- _THE DATA_

================

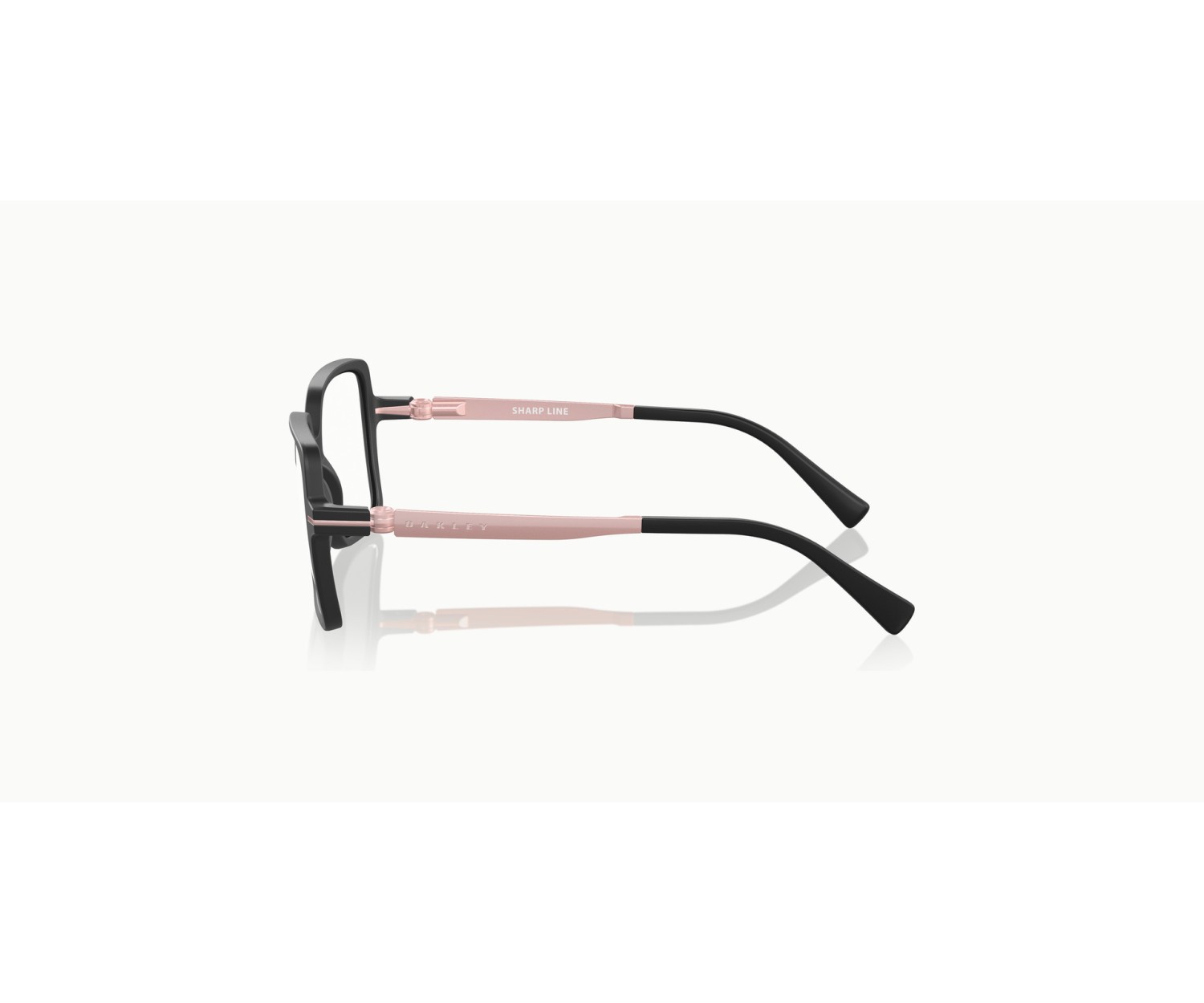 OAKLEY FRAME - SHARP LINE - OX8172 - 817201 - 50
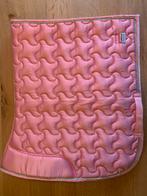 Roze dekje HORSEGEAR, Dieren en Toebehoren, Verzenden, Zo goed als nieuw, Overige soorten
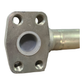 New OEM Genuine CNHi, Pipe - Part # 3007593
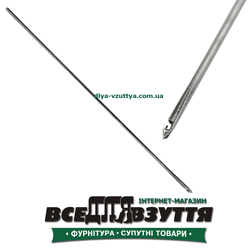 Крючек-шило №2 (в ассортименте)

================

- _WHAT YOU HAVE TO DO_
Pictures aside, retype the material exactly.

- _THE COMPLETED TASK_
 OAKLEY FRAME - SHARP LINE - OX8172 - 817201 - 50
 Roze dekje HORSEGEAR, Dieren en Toebehoren, Verzenden, Zo goed als nieuw, Overige soorten
 New OEM Genuine CNHi, Pipe - Part # 3007593
 Крючек-шило №2 (в ассортименте)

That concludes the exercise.